La religion des ex-colonisés, la religion de ceux qui, à travers une vision en rose de certaines populations issues de l’immigration maghrébine, provoquent, tout particulièrement en France, une mauvaise conscience croissante chez les anciens colonisateurs. C’est pourquoi la judéophobie portée par les multiples idéologisations de l’islam reste si méconnue, si peu analysée et dénoncée. La judéophobie islamiste est perçue comme une obscénité, comme quelque chose qu’il vaut mieux taire, parce qu’il est aussi gênant que dangereux d’en parler. L’impératif est de rassurer à tout prix les citoyens qui ont de bonnes raisons d’être inquiets. À tout prix : c’est-à-dire en les traitant comme des consommateurs d’informations tronquées ou truquées, en les gavant, si besoin est, de désinformation.

La nazification d’Israël

La nouvelle vague antijuive, qui se manifeste planétairement par des discours d’accusation autant que par des actions violentes, est portée à la fois par l’islamisme radical, de façon ouverte, et par le nouveau gauchisme tiers-mondiste, d’une façon plus ou moins voilée (à travers l’antisionisme radical ou absolu). La nouvelle judéophobie se fonde sur un amalgame polémique entre Juifs, Israéliens et « sionistes ».

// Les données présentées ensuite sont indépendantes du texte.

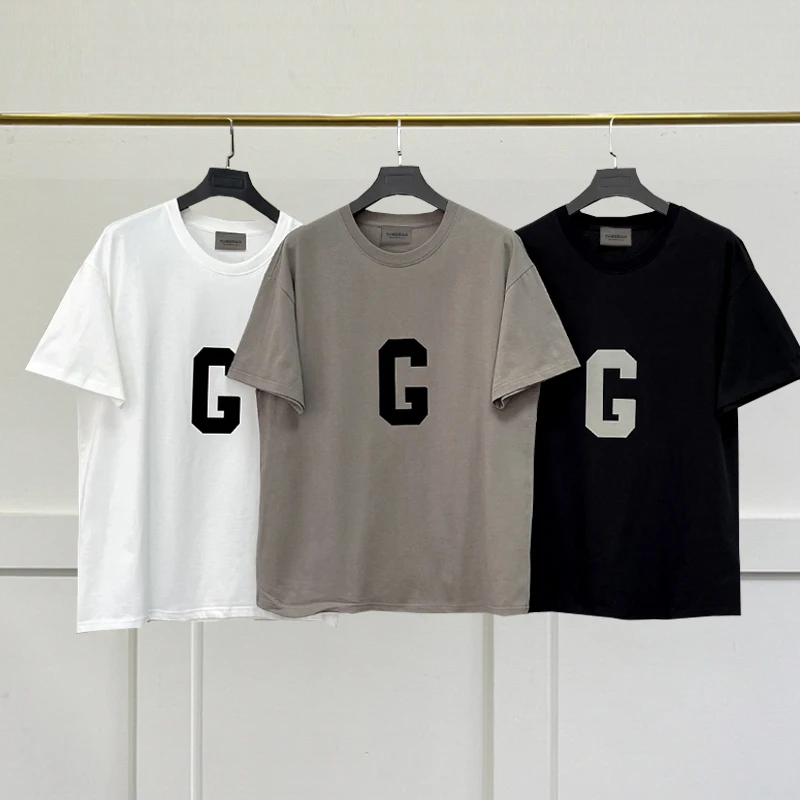 Oversized Essentials T-Shirt G flocking Letter Loose High Quality t-Shirts Summer Men Women Hip-Hop Cotton Short Sleeve
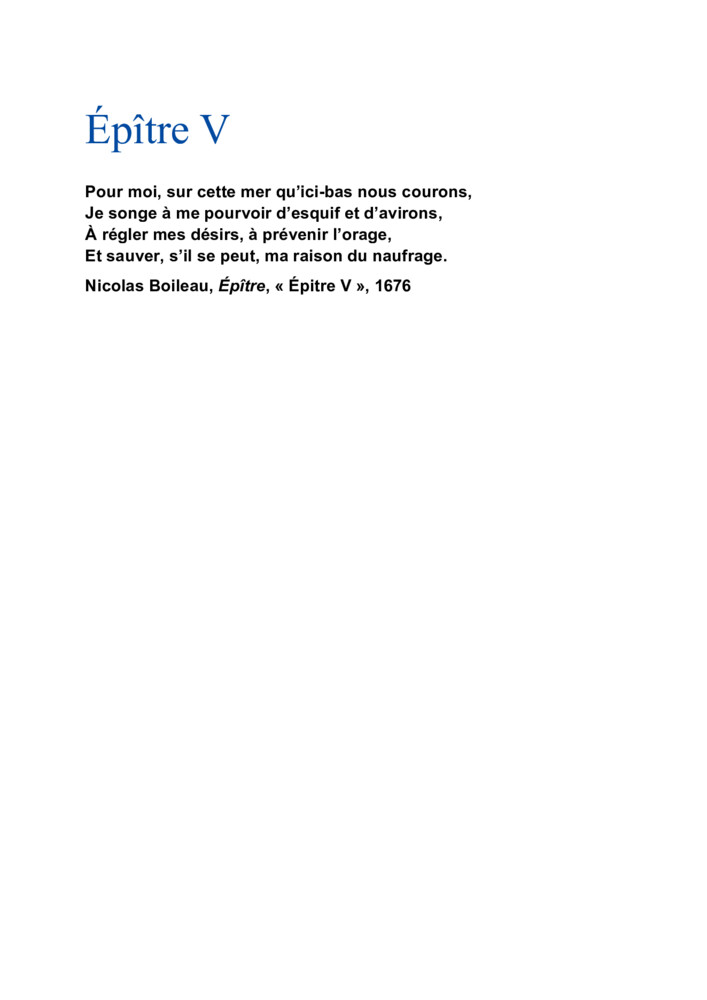 thumbnail of Épître V Boileau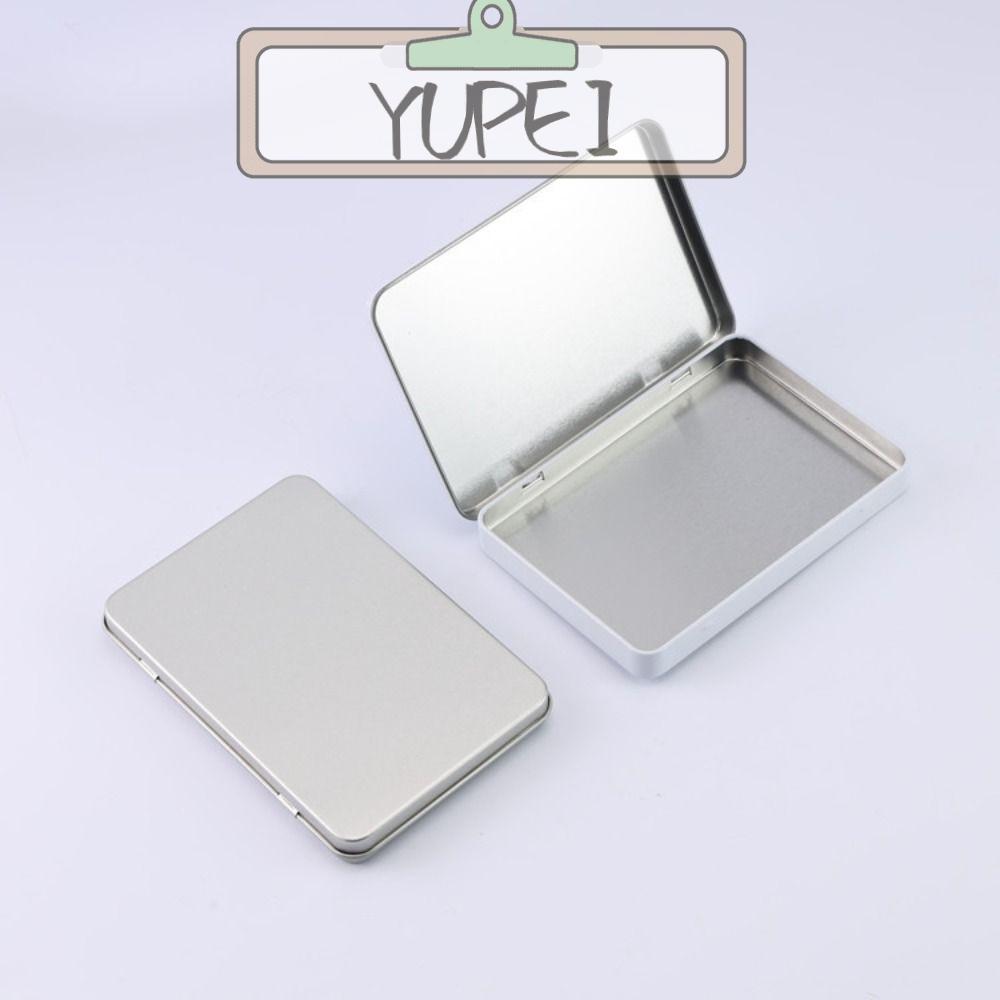 YUPEI กล่องเก็บของเหล็ก 2 ชิ้น, กล่องเก็บของสี่เหลี่ยมโลหะสีเงินเหล็ก, แฟชั่น 4.9 นิ้ว, ห้อง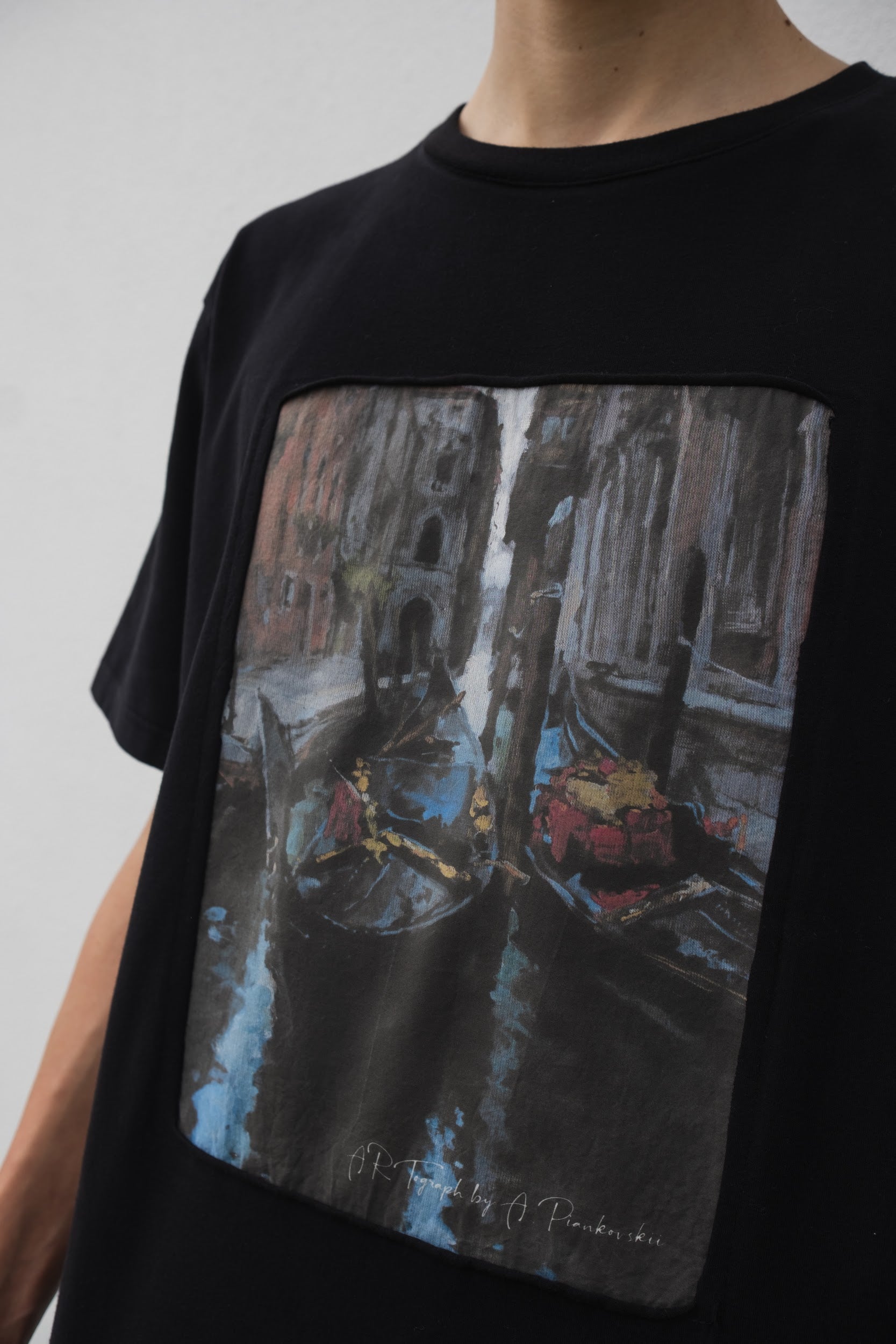 T-Shirt mit Venetian Motif Schwarz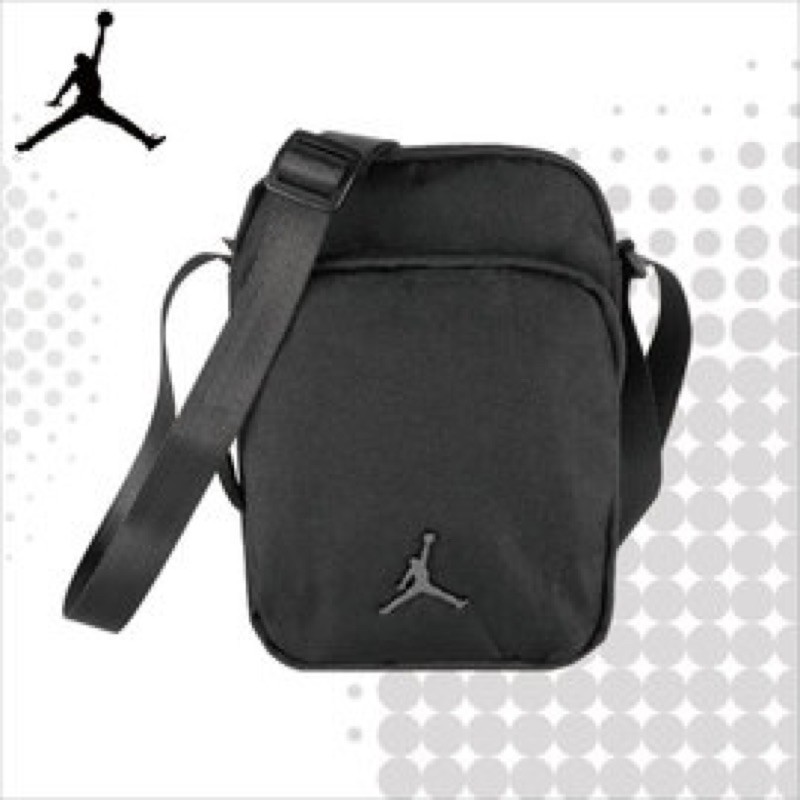 Nike Jordan MINI 金屬LOGO AJ 喬丹 飛人 小方包 側背包 肩包 全黑9A0070-023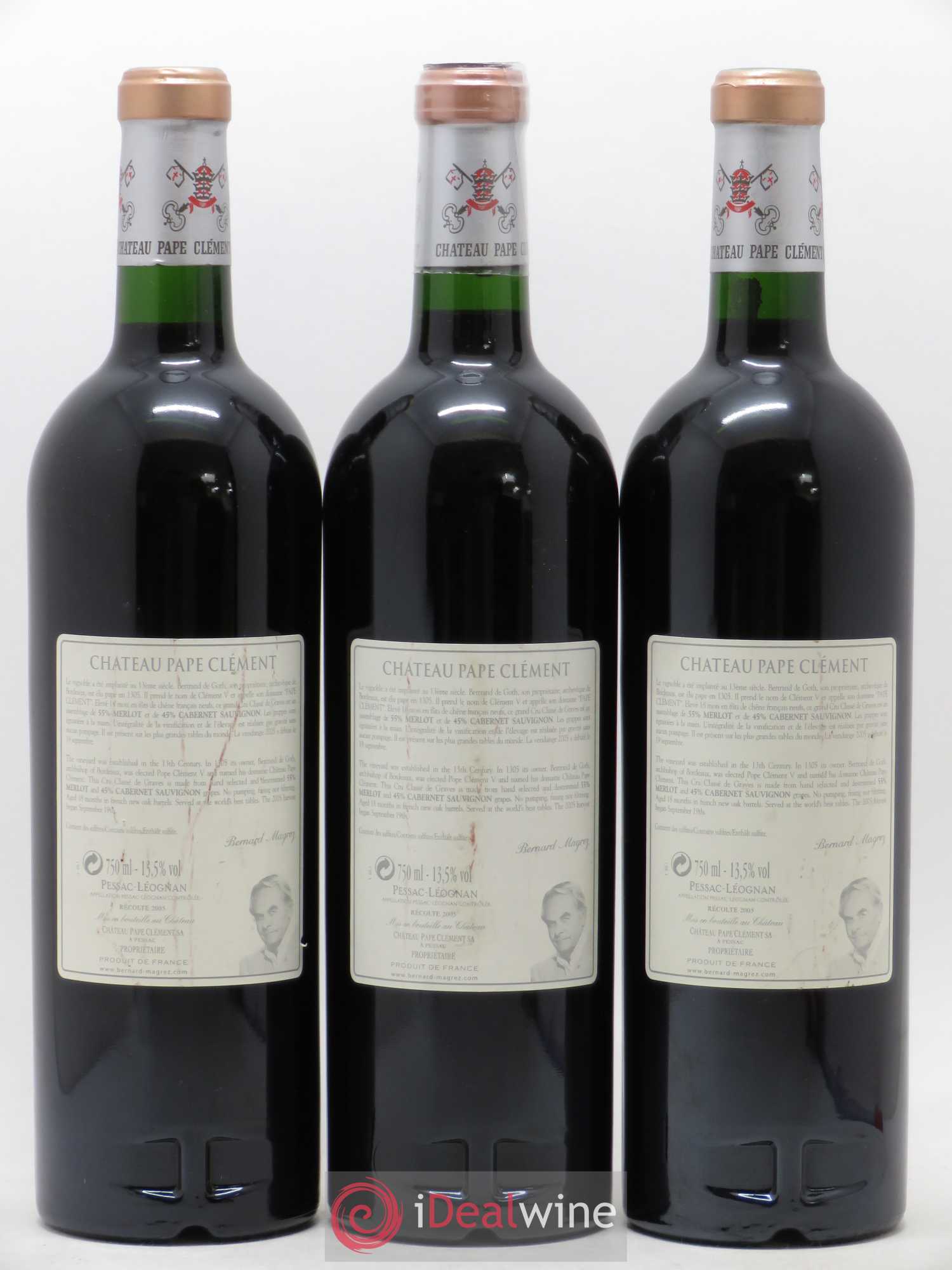 Château Pape Clément Cru Classé de Graves 2005 - Lot de 3 bouteilles - 1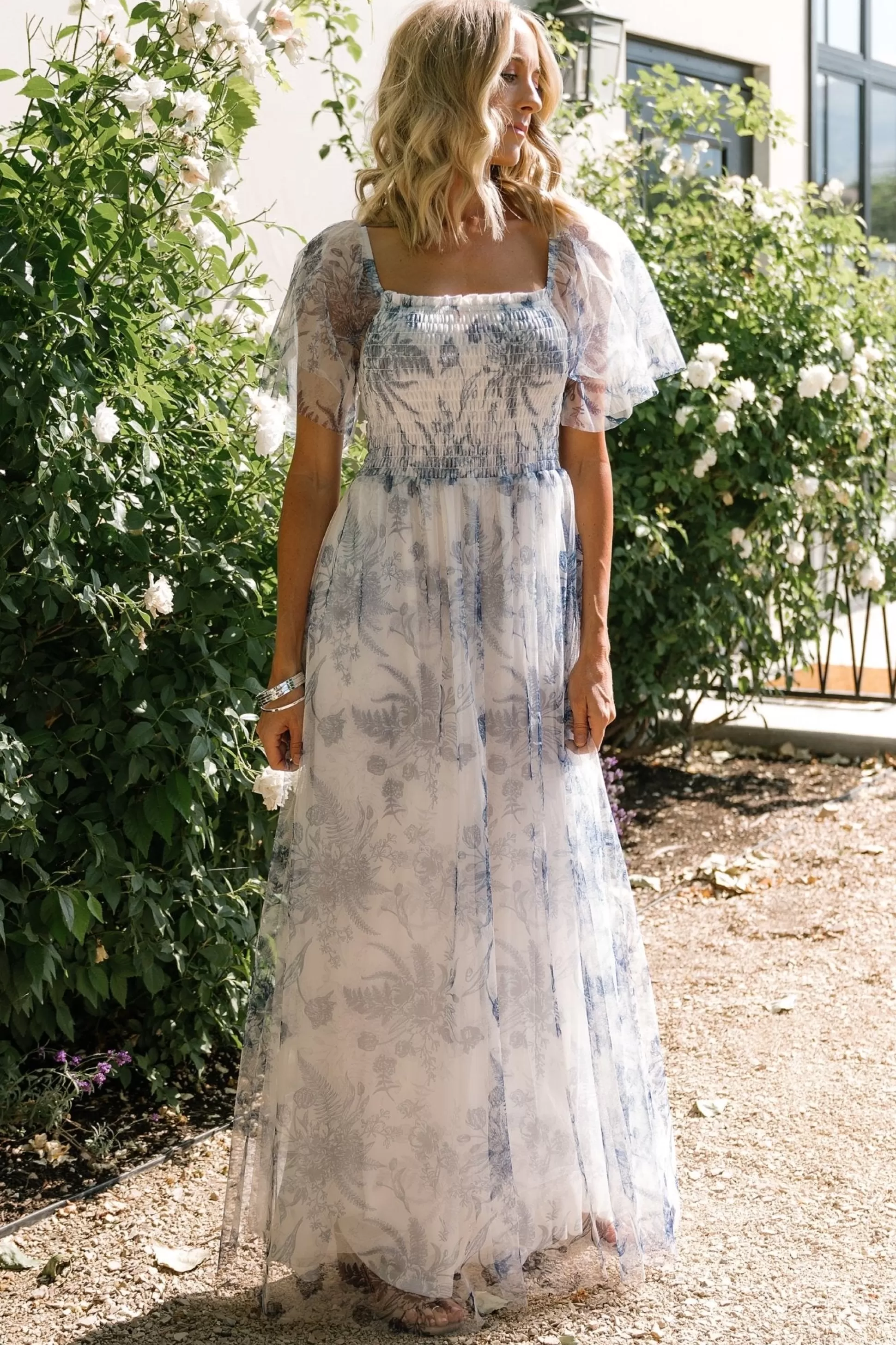 WEDDING SUITE | wedding guest | Baltic Born Cassandra Tulle Maxi Dress | Blue + White Floral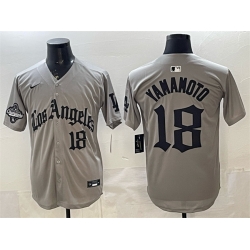 Men Los Angeles Dodgers 18 Yoshinobu Yamamoto Grey LA Gothic Style With 2025 World Series Champions Patch Limited Stitched Baseball Jersey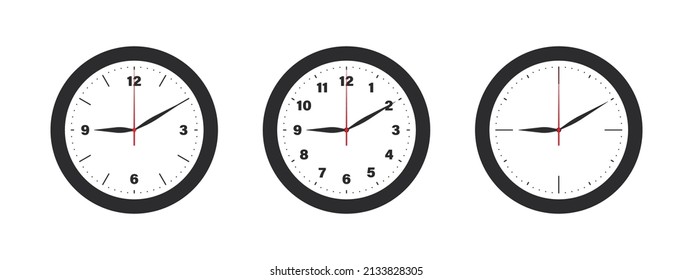 Wall Clock. Watches with different dials. Simple classic wall clock. Vector illustration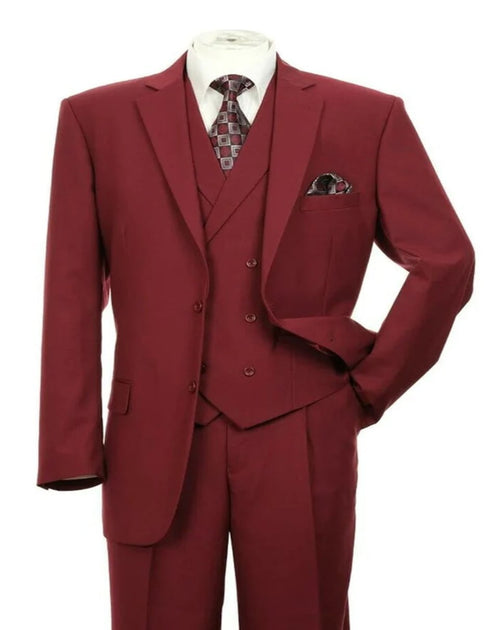 Pleated Dress Men Suits - Mens 2 Button Pleated Pant Classic Fit Double Breasted Burgundy Suit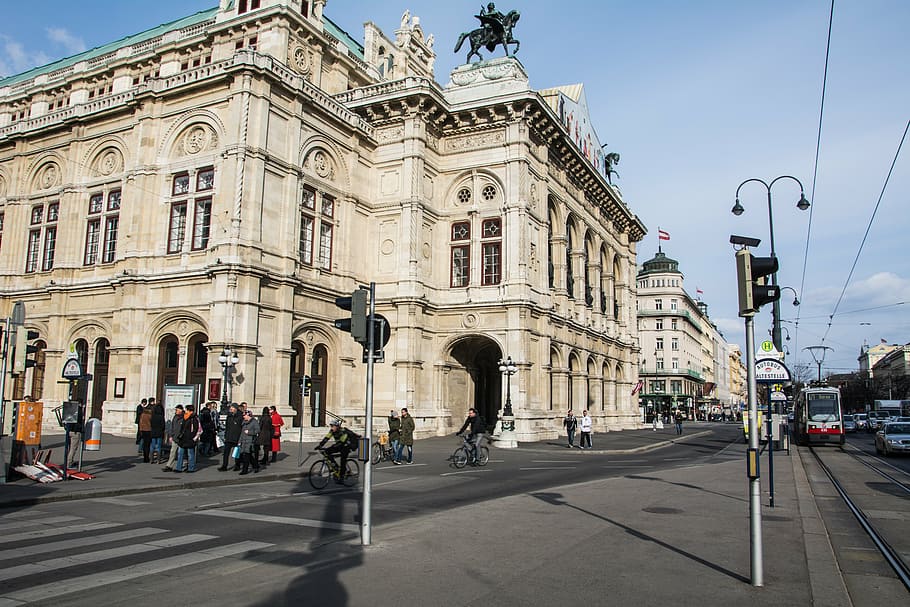 vienna, opera, road, old, building exterior, architecture, street HD wallpaper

ces derniers étant fantasmés comme les représentants d’une puissance maléfique, et elle se constitue autour d’un noyau idéologique bien défini : ce que j’ai appelé l’antisionisme absolu, qui, sur la base d’une délégitimation sans réserve de l’État d’Israël, prône ouvertement ou non son démantèlement, ou sa destruction violente.

Cet « antisionisme » extrémiste ne relève donc pas d’une critique légitime de la politique mise en œuvre par tel ou tel gouvernement israélien, ni même d’une mise en question du projet sioniste tel qu’il s’est historiquement défini, afin de donner une « solution » à la « question juive ».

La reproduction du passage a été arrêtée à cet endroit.